Subjects using EGb 761 had a rate of MMSE decline that was significantly less rapid than the "neither treatment" group (P < 0.0001). The mean difference in the MMSE score at 20 years was 5 points, which is considered clinically relevant. The piracetam group declined more rapidly than the "neither treatment" group. On the IST and BVRT, there was no significant difference in the rate of decline between the EGb 761 and "neither treatment" groups, whereas the piracetam group declined more rapidly. The differences in cognitive decline between groups did not change after controlling for psychotropic drug use (antidepressants, benzodiazepines, and antipsychotics).
The authors conclude that non-demented subjects who used EGb 761 had a slower rate of cognitive decline as measured with the MMSE than untreated subjects or subjects treated with piracetam. The clinical benefit of EGb 761 was only apparent after several years. The study shows that cognitive decline in elderly, non-demented subjects is a slow process. Therefore, it is possible that other studies that have reported that ginkgo was not beneficial for the prevention of cognitive decline did not have a duration of sufficient length (they were 3.5 to 6 years in duration). The authors state that firm conclusions should not be drawn from the piracetam results because the population size was too small.

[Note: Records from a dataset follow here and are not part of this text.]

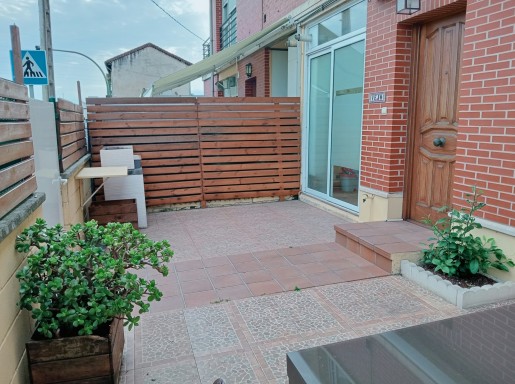 bajo con terraza y piscina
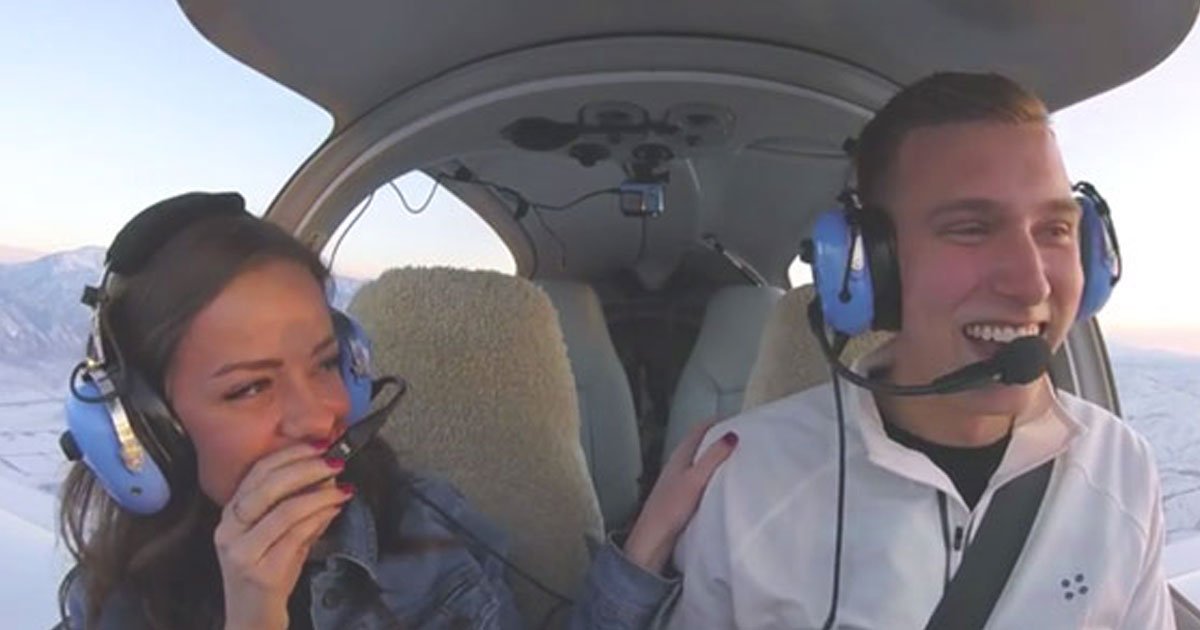 pilot proses gf.jpg?resize=1200,630 - Pilot Proposed His Girlfriend At 8,500ft While Flying Across Northern Utah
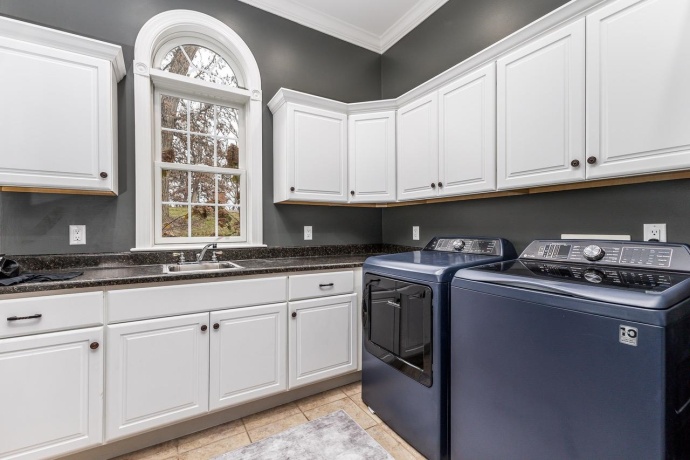 77 Roosevelt, EAST DUBUQUE, Illinois 61025, 5 Bedrooms Bedrooms, ,4 BathroomsBathrooms,House,For Sale,Roosevelt,202502639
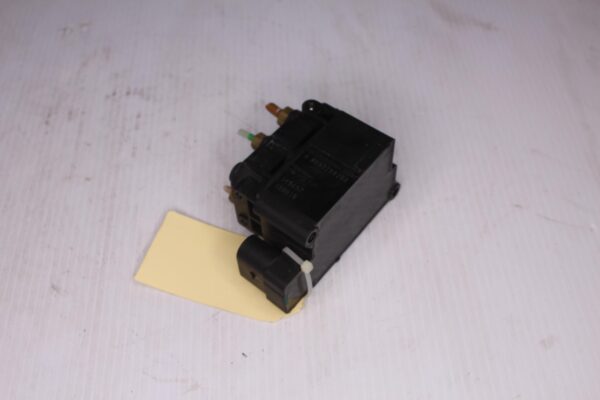 Mercedes Benz W213 W238 E Class Air Suspension Valve Block A0993200200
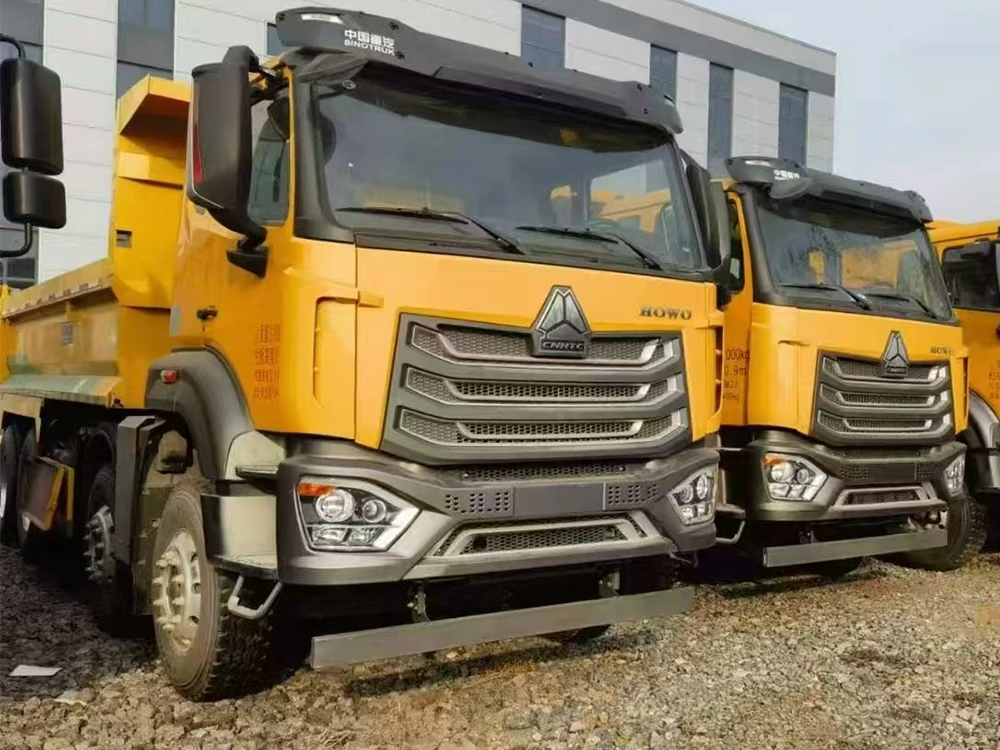Caminhão basculante Howo N5W 8x4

The limitations of this study are that the dose and duration of EGb 761 treatment were not controlled. In addition, treatments were self-selected and had differing characteristics at baseline. Therefore, conclusions cannot be drawn regarding optimal dosage or when to initiate treatment. Nonetheless, the study suggests a possible effect of ginkgo in a real-world setting.